Design the Right Questions

  • The answers to the questions we ask should result in answers that inspire, motivate and initiate innovation and positive action.
  • They should encourage, cheer, challenge, energize and drive.
  • The more specific the question, the more specific the answers… And the more specific the answers, the better. Specific is terrific.

By designing the right questions to ask those involved in our business, we direct the business to greater success and focus everyone on the goals and objectives for which we have taken responsibility. When you ask the right question, you create an answer that begets a success strategy.
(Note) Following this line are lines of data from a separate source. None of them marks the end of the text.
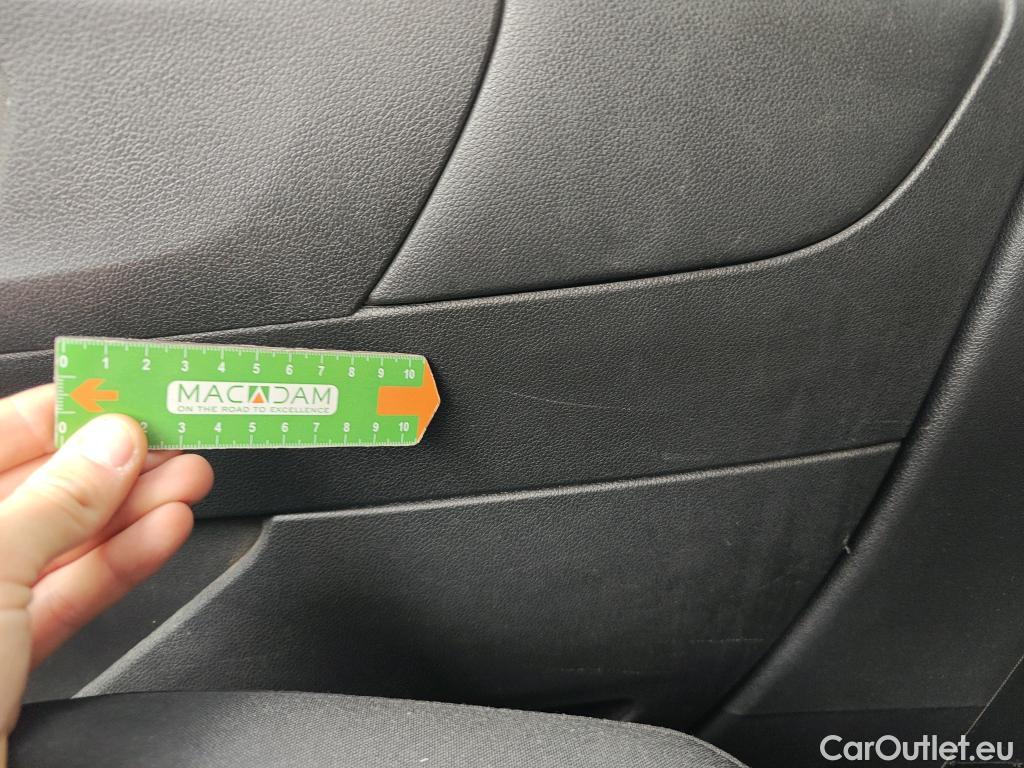  Opel  Combo OPEL  / 2018 / 3P / furgón derivado de turismo 1.6 TD S/S 74kW (100CV) Express L H1 650 #77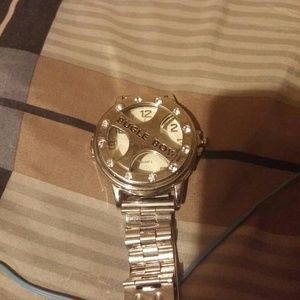 Bugle boy watch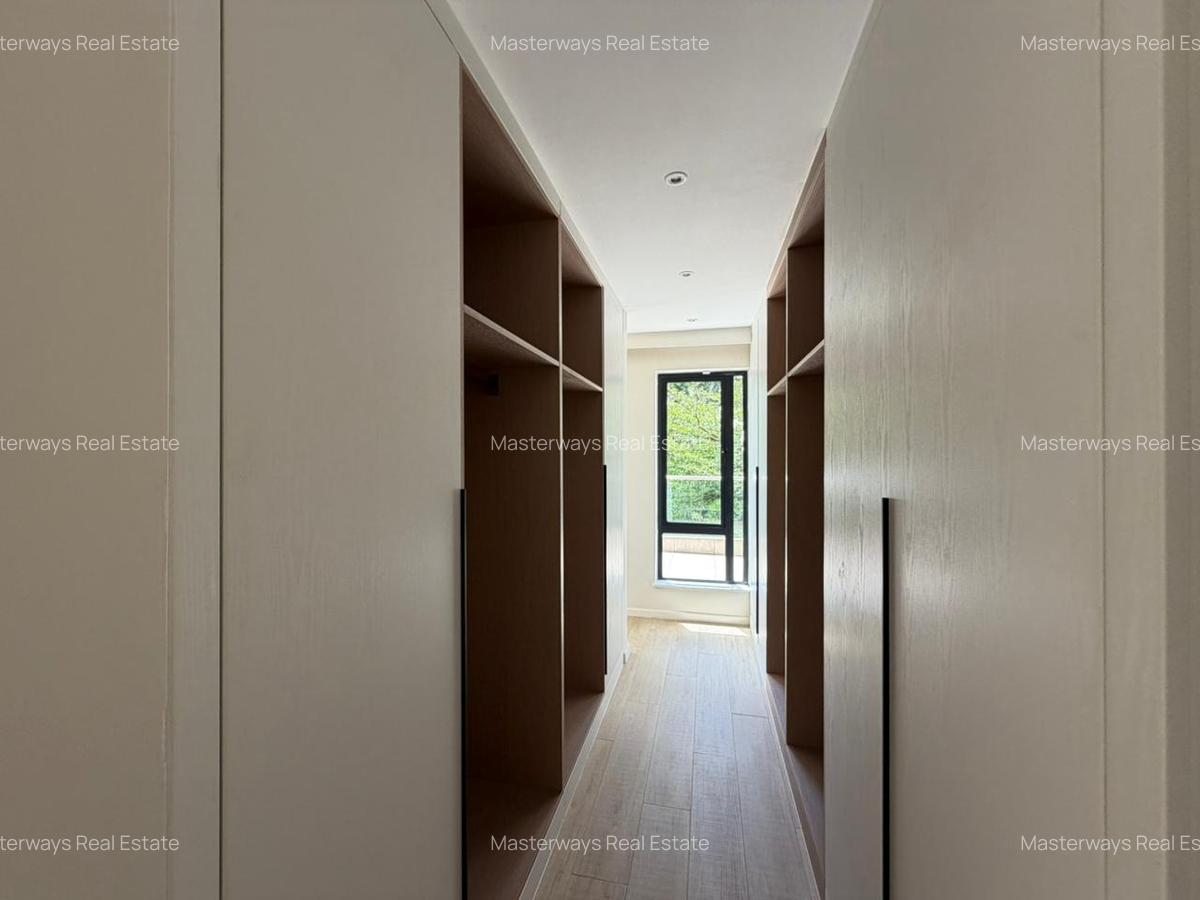 6 Bed Villa with En Suite in Kyuna - 8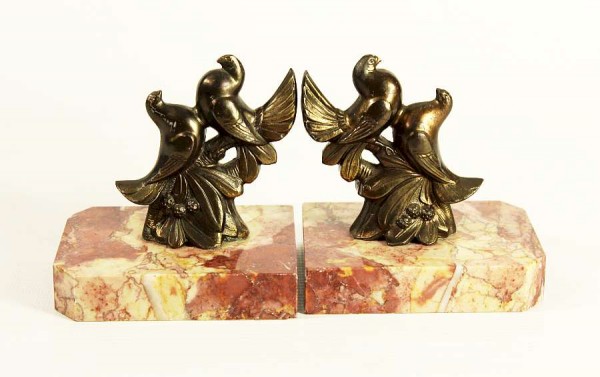 Bronze Buchstützen Paar mit Marmorsockel - Tauben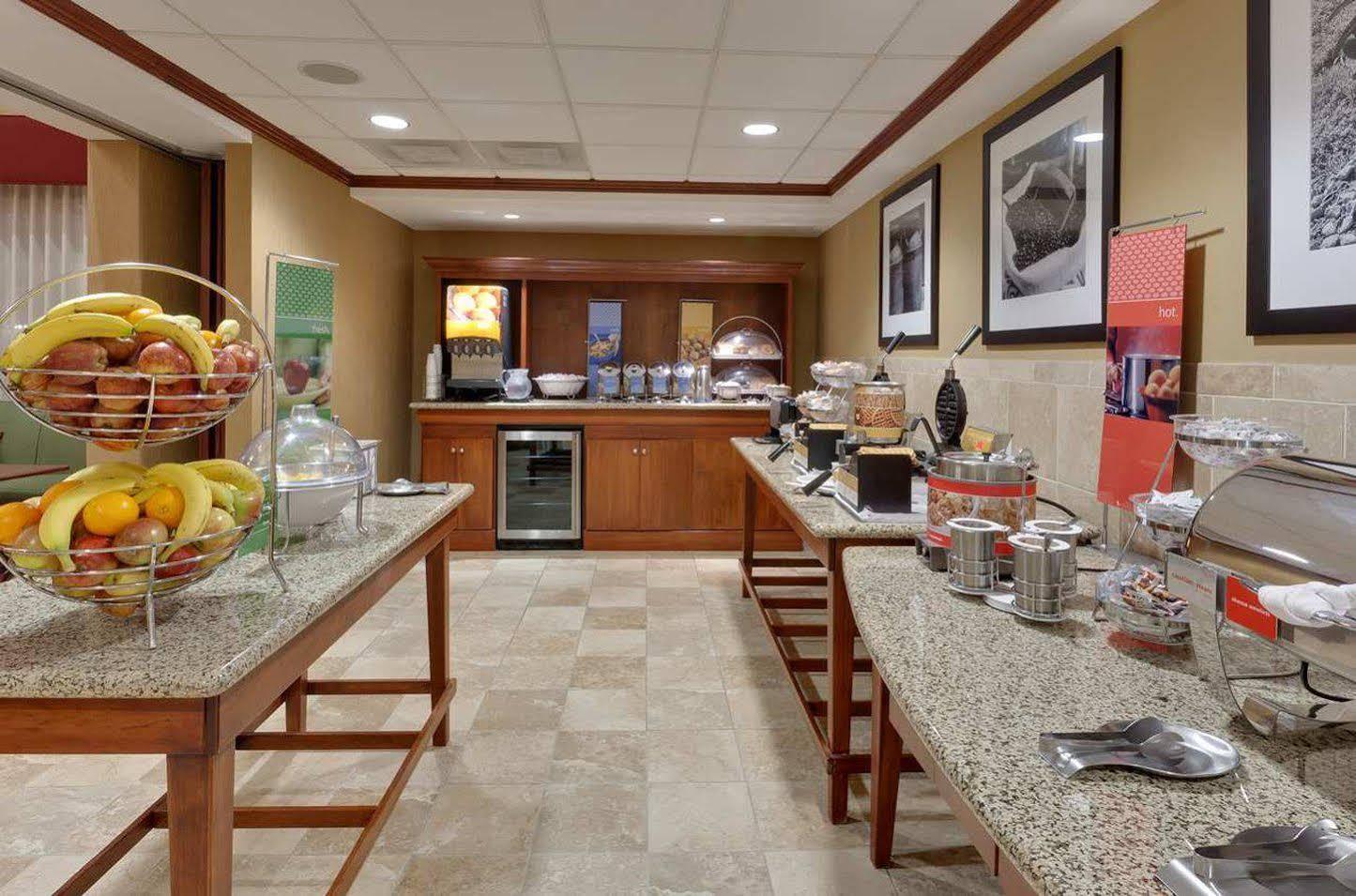 Hampton Inn & Suites Windsor-Sonoma Wine Country Екстериор снимка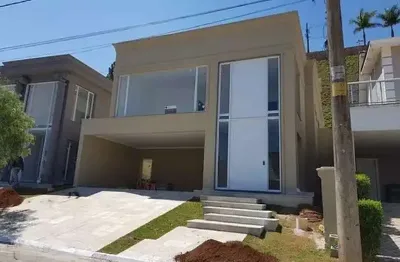 Residência nova, com três suítes, amplo living, cozinha. quatro vagas de garagem, fino acabamento. sem piscina.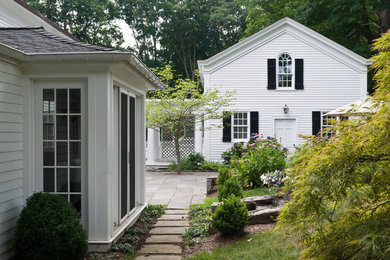 Elegant exterior home photo in New York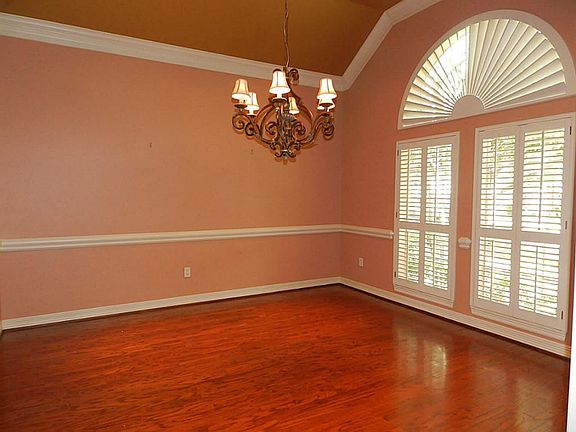 3rd image of 4906 Manchester Ct
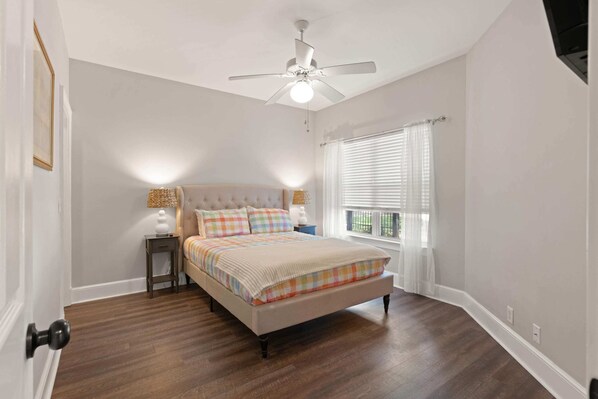 Comfortable Queen Bedroom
Try Asking These for a Self Check:

  1. “Which three things can we do to increase the amount of people coming into the store by 5% without any cost or risk to us?”
  2. “How can I pay for results instead of promises when it comes to advertising?”
  3. “Who do we need to work with in a Joint Venture to double the amount of prospects we are currently exposed to?”
  4. “How can we create three new streams of increasing, passive income?”
  5. “How can we benefit from someone else’s advertising and marketing activities?”
  6. “What can we do to double the value we offer our clients, without increasing our cost of sales?”
  7. “How can we get customers to increase the amount of times they visit our business by 30%?”
  8. “How can we reactivate 40% of our inactive customers?”
  9. “How can we create back end sales without increasing our overhead or the time it takes to sell the back end?”

Sales Tip

Learn to ask questions that result in a buy. “O.K., Bill, I’m going to charge you card now for the basic Widget. Now shall I add the Blue Squink for $100 as well as the Rutten for another $800, or shall I just add the Blue Squink?” The answer should be, “Sure, add both”, or, at worst, he says, “Oh, just the Blue Squink for now.” Either way, you have upsold him.

Management Tip

Management questions can help or hurt. Ask, “What could I have done to help you achieve even more sales?” “You’re really at the rock face, Candy. What do you suggest we do to improve customer service even more?” “Bobby, I want to pay you a higher commission. What can we do to ensure a higher transaction amount per sale?”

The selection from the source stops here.